_Your objective_:
Look below for the line that has "Figure 4 for". Set down the lines from there through the line that has "AVP Antibody immunohistochemistry", exactly as written.

*** Listed records ***

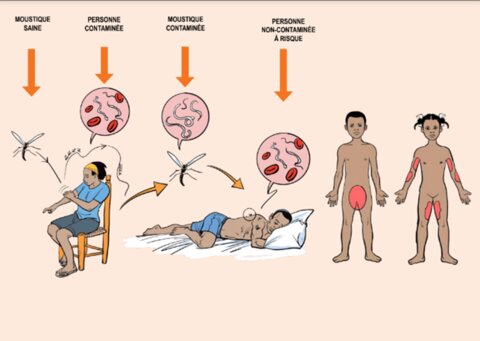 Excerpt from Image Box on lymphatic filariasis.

*** End of Listed records ***
*** Listed records ***

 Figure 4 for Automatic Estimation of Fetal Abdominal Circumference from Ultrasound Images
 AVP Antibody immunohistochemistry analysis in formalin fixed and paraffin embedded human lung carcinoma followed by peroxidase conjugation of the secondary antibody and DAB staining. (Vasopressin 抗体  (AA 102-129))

*** End of Listed records ***

_Answer space_:
 Figure 4 for Automatic Estimation of Fetal Abdominal Circumference from Ultrasound Images
 AVP Antibody immunohistochemistry analysis in formalin fixed and paraffin embedded human lung carcinoma followed by peroxidase conjugation of the secondary antibody and DAB staining. (Vasopressin 抗体  (AA 102-129))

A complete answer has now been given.